BUDGET ANALYSIS: Obama promotes repatriation
With Barack Obama’s administration having announced that broad corporate tax reform will be dealt with separately in the coming weeks, and political turmoil stifling progress on US tax issues in general, there were no great expectations for the President’s 2013 budget, delivered today. But amid Obama’s rhetoric of hope and camaraderie, of fairness and responsibility, some meaningful tax changes were proposed.
Of course, the budget does not represent legislation, and many hurdles still stand between these proposals and actual implementation, but the President’s proposals include ending tax breaks for companies that ship jobs overseas, and a focus on manufacturing and energy.

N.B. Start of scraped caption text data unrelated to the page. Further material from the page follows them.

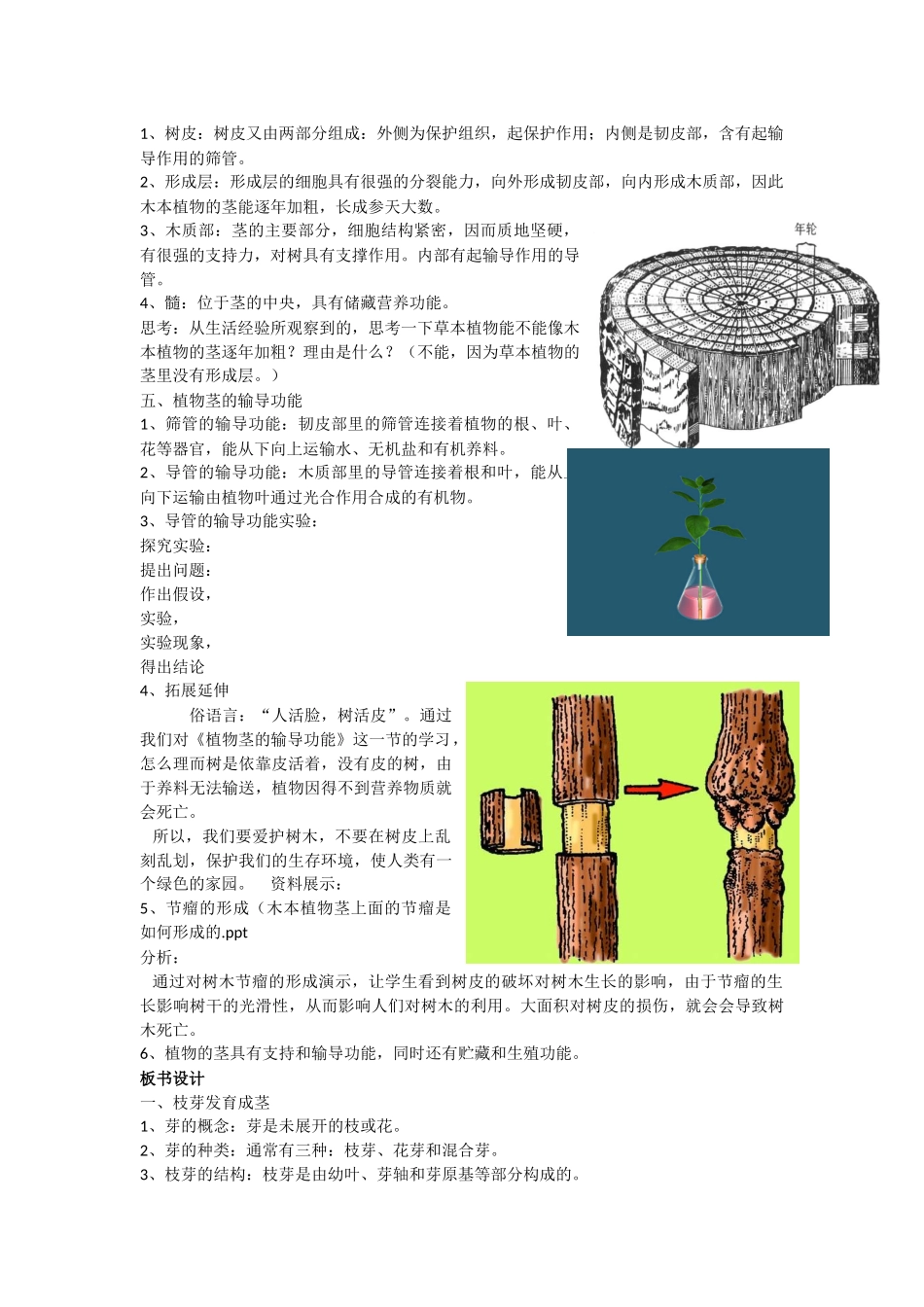 第四节植物茎的输导功能_第2页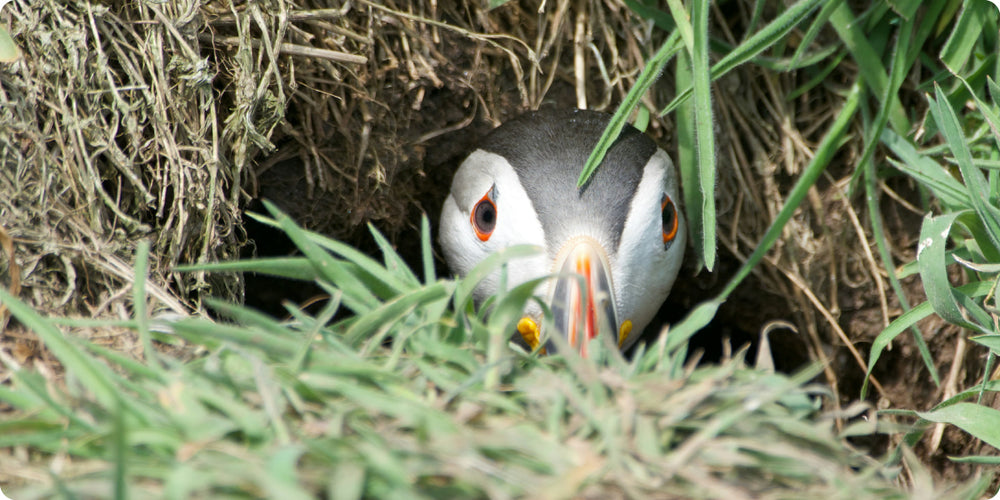 Puffins: The Adorable Clowns of the Sea – Bare Kind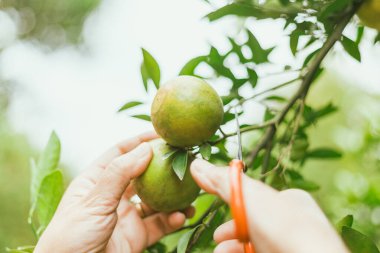 Portakal bahçesi, Chiang Rai Thailan.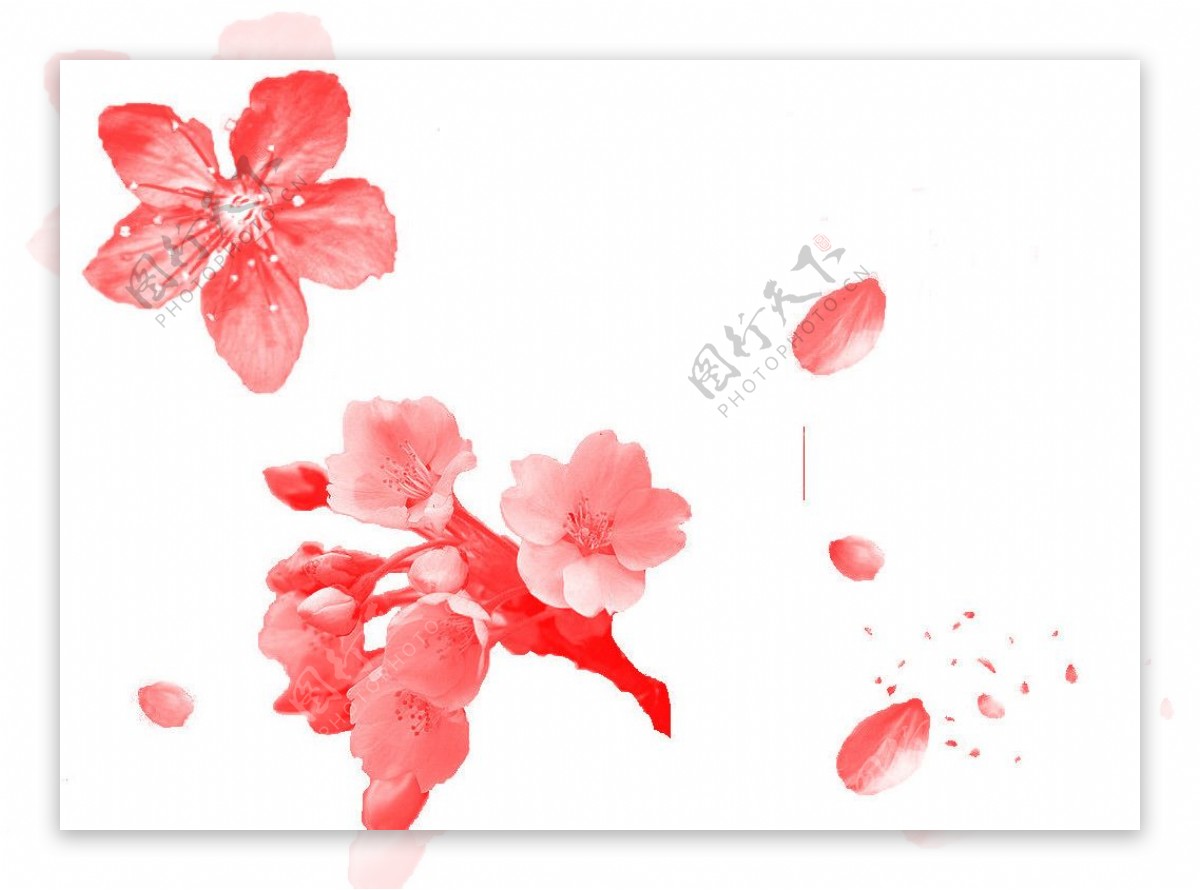 樱花及花瓣笔刷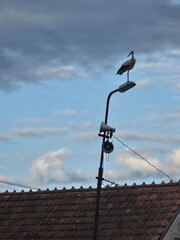 Obraz premium seagull on the roof
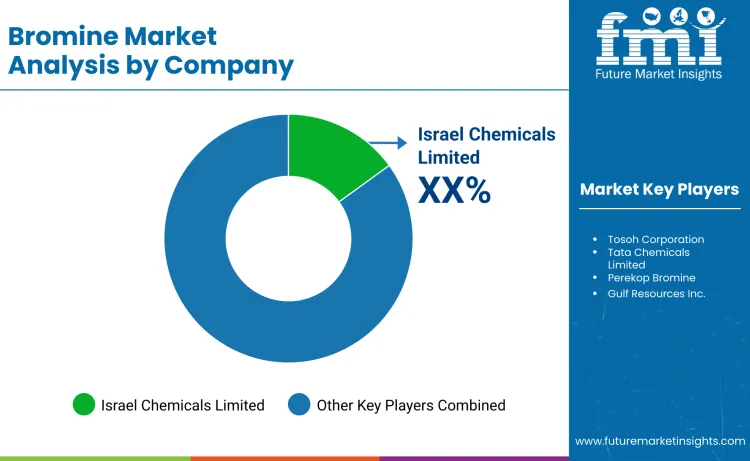 Bromine Market By Company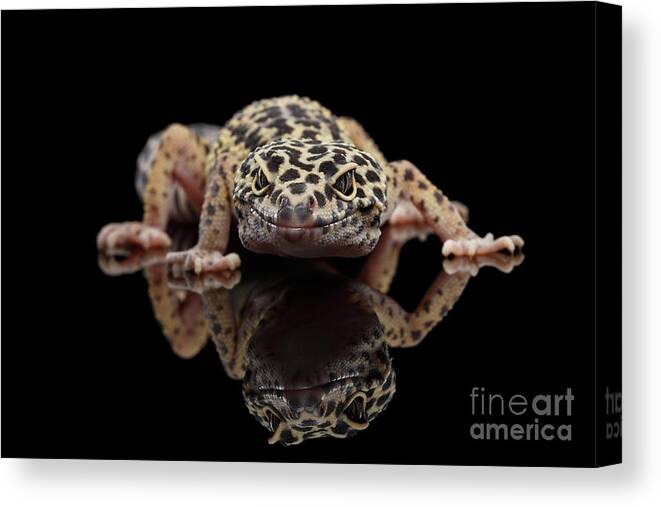 Closeup Canvas Print featuring the photograph Closeup Leopard Gecko Eublepharis macularius Isolated on Black Background, front view by Sergey Taran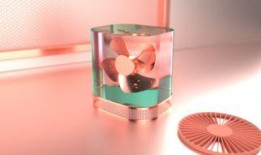 吃瓜小夹头,网络红人的崛起与影响力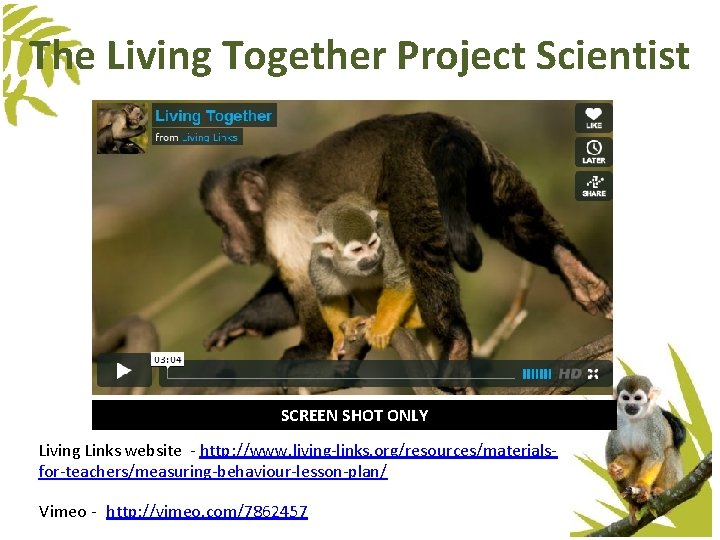 The Living Together Project Scientist SCREEN SHOT ONLY Living Links website - http: //www. The Living Together Project Scientist SCREEN SHOT ONLY Living Links website - http: //www.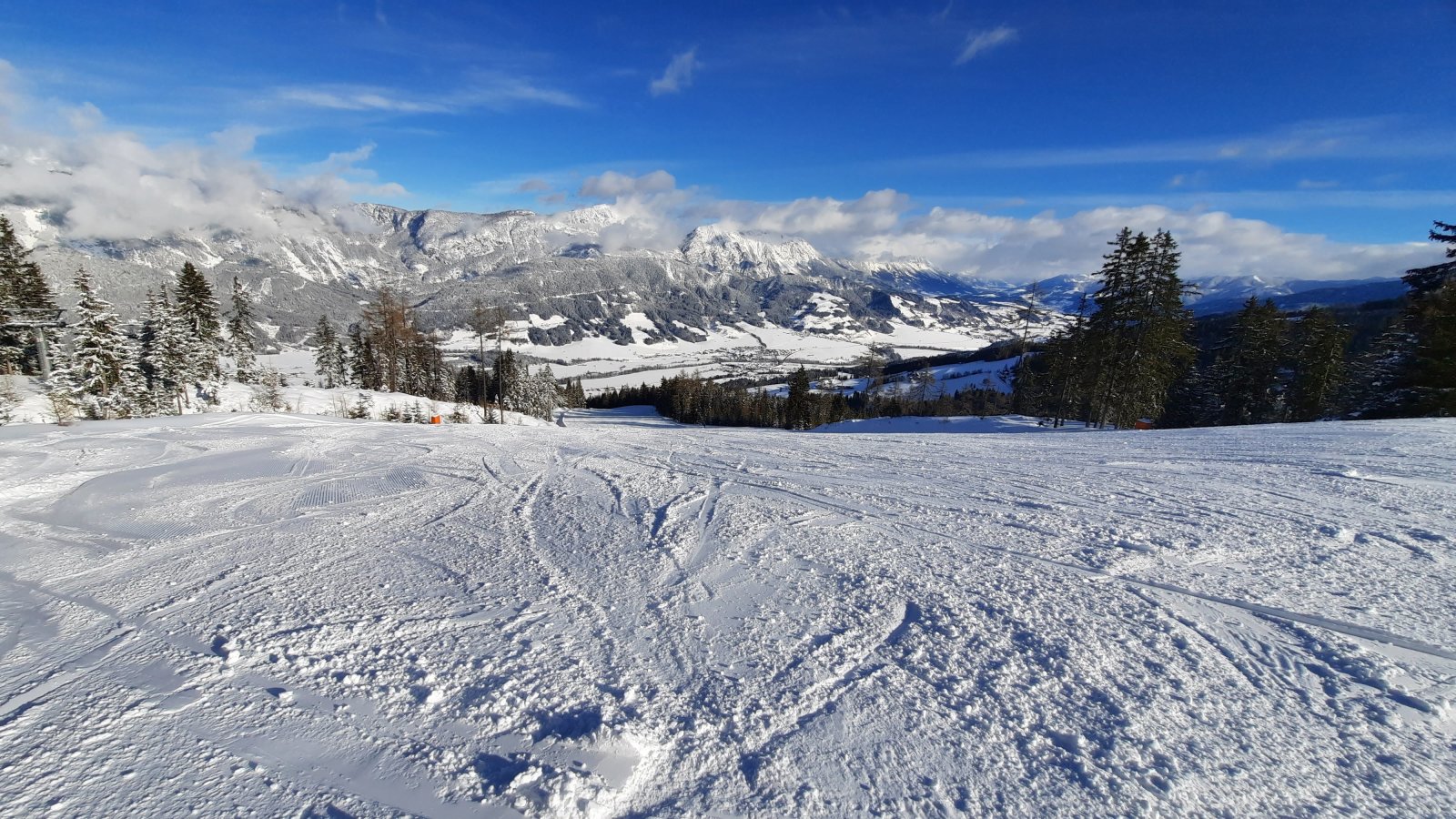 20210127-103549.jpg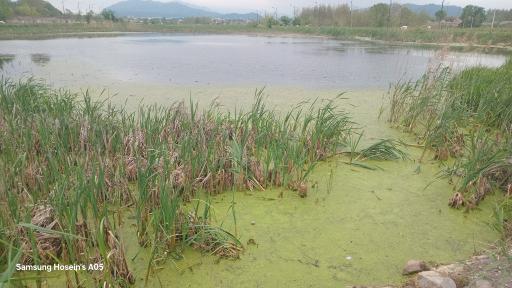 عکس تالاب طبیعی حاجی آباد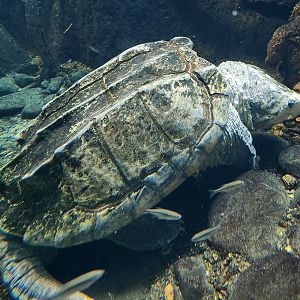 Zoo Atlanta (2023) - Alligator Snapping Turtle (SSS)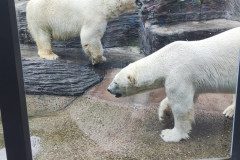 IMG_20240604_103207
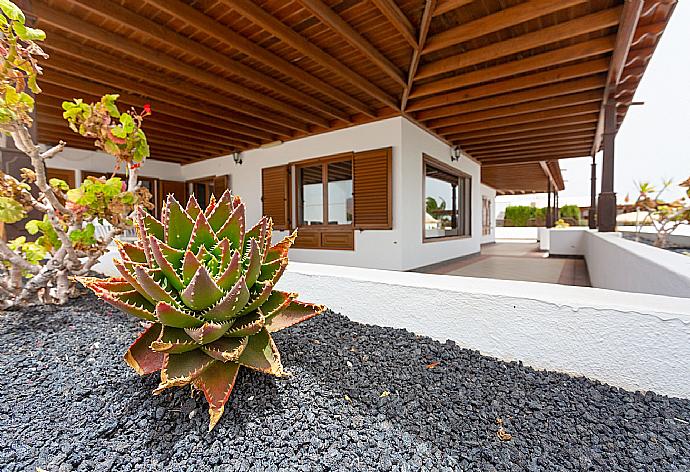 Garden area . - Villa Dorada . (Galleria fotografica) }}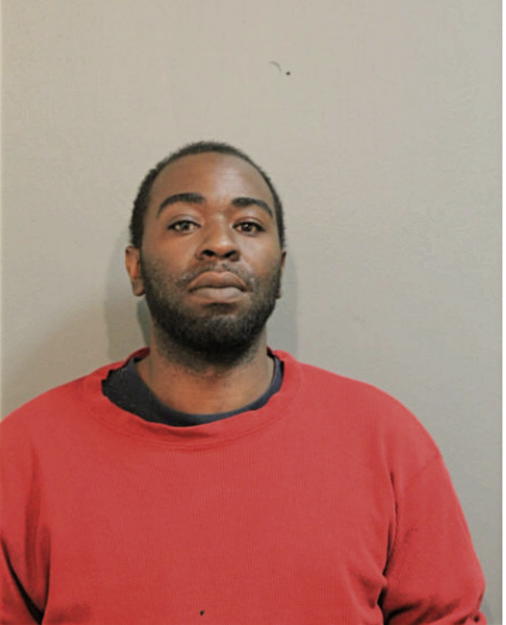 ELLIOTT G GAINES, Cook County, Illinois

Obama said he wanted to put an end to tax breaks being given to American companies shipping jobs overseas, and instead give them to those companies that create jobs in the US.
In another provision aimed at US job creation, Obama proposes the removal of a tax break presently available for moving expenses when a US company moves operations overseas. He would replace this with a 20% credit for the expense of moving operations back to the US.
He wants to implement a 10% tax credit for new hiring and wage increases, as well as dealing with bonus depreciation. He proposes a further one year extension of 100% expensing. This gives domestic companies the ability to benefit from 100% write-off of certain new capital and equipment investments.
Following legislation introduced last week by Senators Carl Levin (D-Mich) and Kent Conrad (D-ND) – the Cut Unjustified Tax Loopholes Act (CUT Loopholes Act) – Obama proposes foreign tax credit pooling, requiring that foreign tax credits from dividends paid to a parent company be determined on a pooling, rather than individual, basis. This is aimed at closing a loophole which allows companies to claim more in credits than they would be liable for in US taxes through strategic selection of which foreign subsidiaries pay out dividends.
One proposal likely to seamlessly pass into law is the extension of the R&D tax credit. This has bipartisan support and has been called for by numerous witnesses called before the Senate Finance Committee. Today’s proposal would make permanent the R&D credit of up to 20%. According to the budget document, this measure would cost the government $109 billion.
The budget also proposes an end to a number of oil subsidies and deductions, as well as a bank tax, a minimum overseas profits tax, tax hikes for the rich, and the extension of the payroll tax cut to prevent a tax hike on the middle class.
As previously promised, the budget also confirmed that the Obama administration will release documentation dealing with a proposal to reduce the 35% corporate tax rate later this month.